[Input data]:
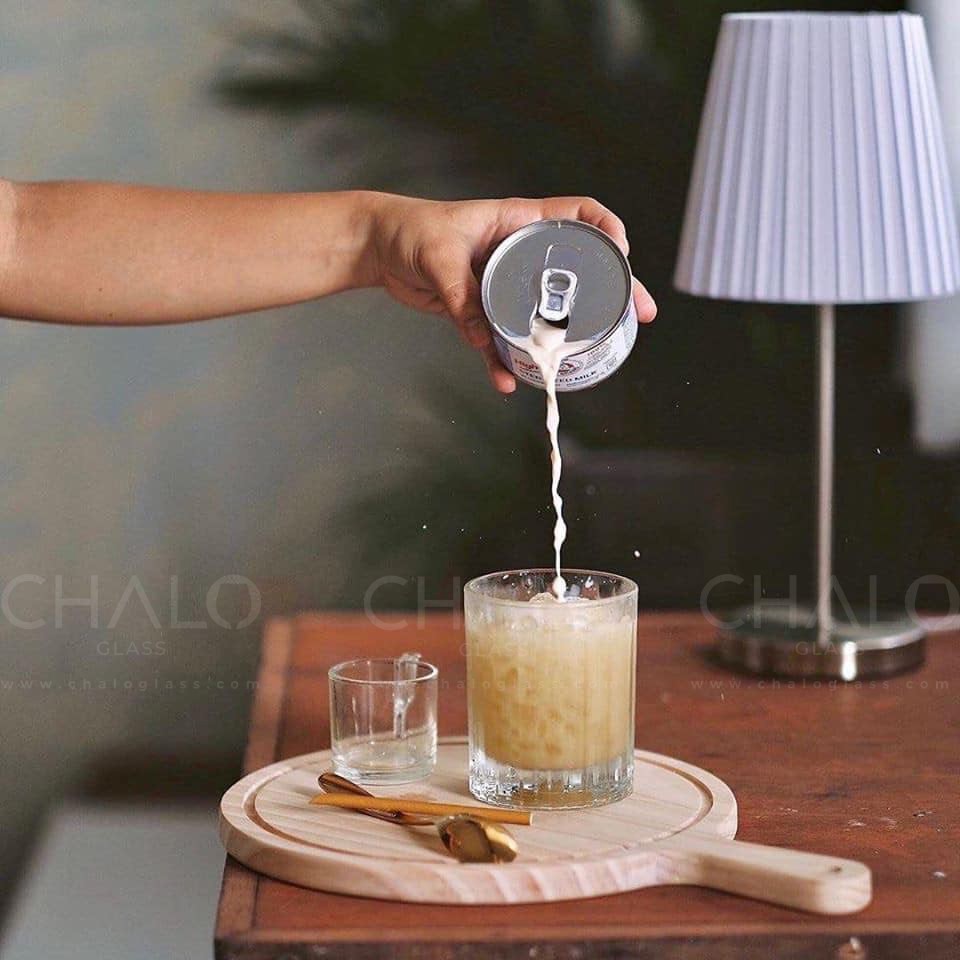 [Chính hãng] Ly thủy tinh Libbey Flashback DOF - 355ml - 824339 (Made in EU)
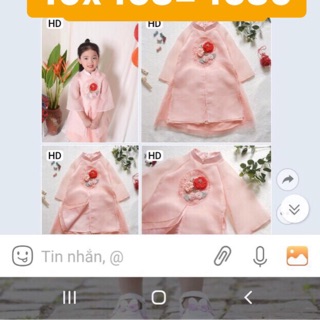 Áo dài cát tường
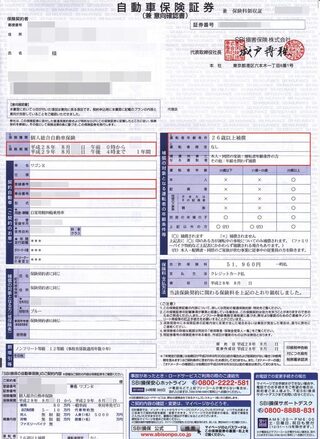 至急回答お願いします 会社に自動車任意保険の写しを提出するよう言われ Yahoo 知恵袋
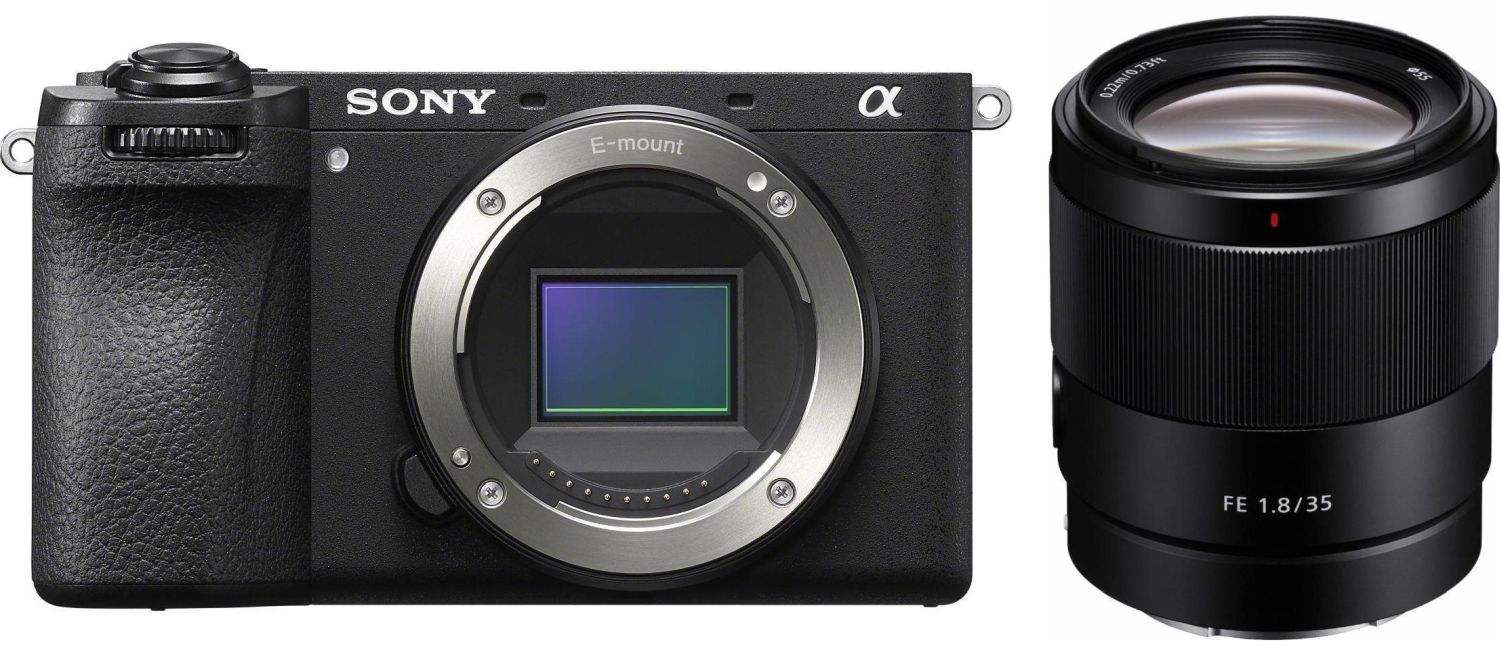 Sony Alpha 6700 con Sony 35mm f/1.8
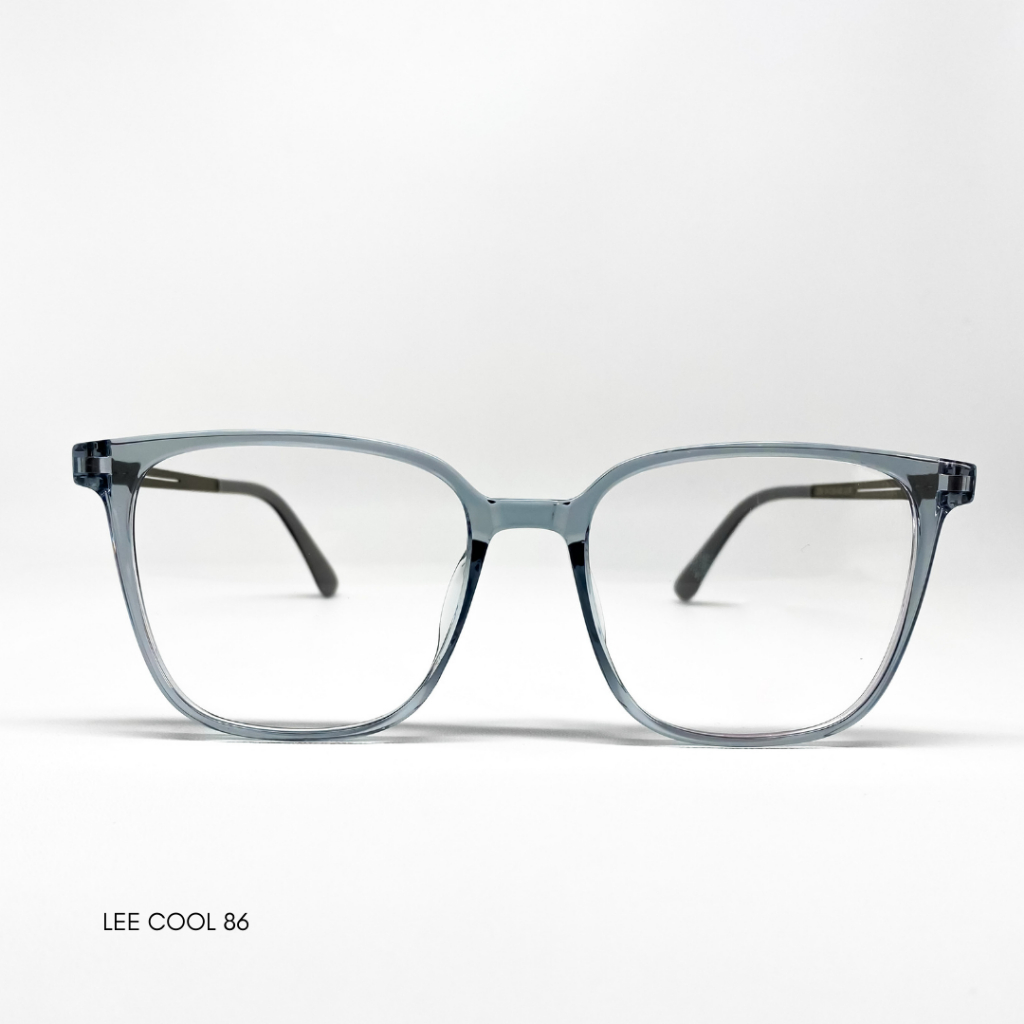 SuperEye Optic - Kacamata Lee cool 86  Include Lensa bisa req Minus/Plus/Silinder acamata kotak leba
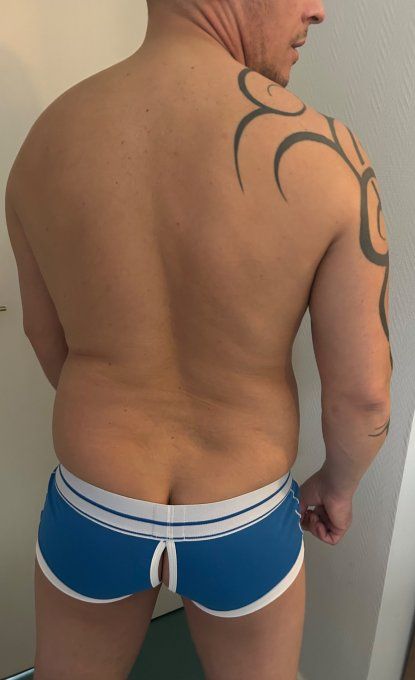 Boxer ouvert taille M 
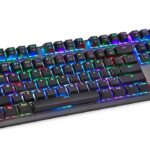 Mechanical gaming keyboard Motospeed K82 RGB (black)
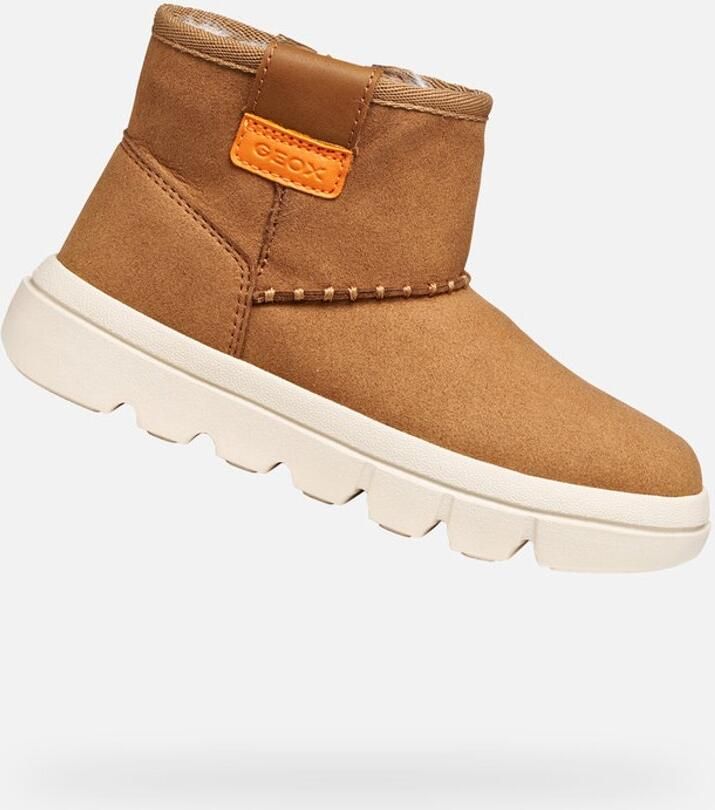 GEOX WILLABOOM MEISJES COGNAC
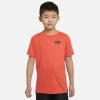 Nike Liverpool Training T-Shirt Dri-FIT Logo - Bright Crimson Kids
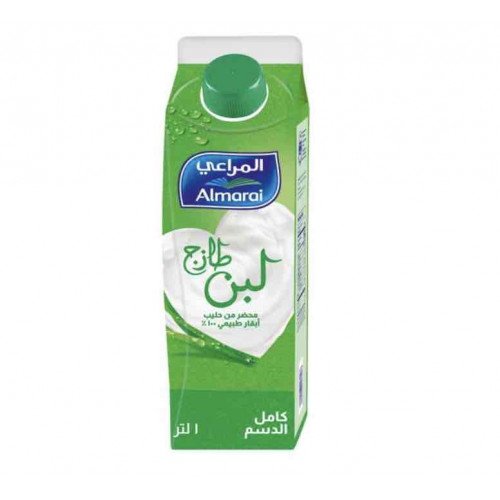 لبن المراعي كامل الدسم 1 لتر 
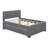 Upholstered Platform Bed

[Required action]:
The answer must be an exact copy of the lines from the one containing "Boxer ouvert taille M" through the last line of the records, with no pictures included.

[Your response]:
 Boxer ouvert taille M 
 Mechanical gaming keyboard Motospeed K82 RGB (black)
 GEOX WILLABOOM MEISJES COGNAC
 Nike Liverpool Training T-Shirt Dri-FIT Logo - Bright Crimson Kids
 لبن المراعي كامل الدسم 1 لتر 
 Upholstered Platform Bed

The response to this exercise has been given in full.